---
tags: linux kernel, linux2022
---
# 2022q1 Homework3 (fibdrv)
contributed by < [`linjohnss`](https://github.com/linjohnss) >
> [作業要求](https://hackmd.io/PMozqaxqRA-jF2KmgTZcPQ?view#K04-fibdrv)
### 自我檢查清單
- [ ] 研讀上述 ==Linux 效能分析的提示== 描述,在自己的實體電腦運作 GNU/Linux,做好必要的設定和準備工作 $\to$ 從中也該理解為何不希望在虛擬機器中進行實驗;
- [ ] 研讀上述費氏數列相關材料 (包含論文),摘錄關鍵手法,並思考 [clz / ctz](https://en.wikipedia.org/wiki/Find_first_set) 一類的指令對 Fibonacci 數運算的幫助。請列出關鍵程式碼並解說
- [ ] 複習 C 語言 [數值系統](https://hackmd.io/@sysprog/c-numerics) 和 [bitwise operation](https://hackmd.io/@sysprog/c-bitwise),思考 Fibonacci 數快速計算演算法的實作中如何減少乘法運算的成本;
- [ ] 研讀 [KYG-yaya573142](https://hackmd.io/@KYWeng/rkGdultSU) 的報告,指出針對大數運算,有哪些加速運算和縮減記憶體操作成本的舉措?
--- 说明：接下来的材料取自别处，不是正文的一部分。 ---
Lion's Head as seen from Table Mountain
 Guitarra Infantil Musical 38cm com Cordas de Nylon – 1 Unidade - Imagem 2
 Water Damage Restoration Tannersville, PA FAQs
- [ ] `lsmod` 的輸出結果有一欄名為 `Used by`,這是 “each module’s use count and a list of referring modules”,但如何實作出來呢?模組間的相依性和實際使用次數 ([reference counting](https://en.wikipedia.org/wiki/Reference_counting)) 在 Linux 核心如何追蹤呢?
> 搭配閱讀 [The Linux driver implementer’s API guide » Driver Basics](https://www.kernel.org/doc/html/latest/driver-api/basics.html)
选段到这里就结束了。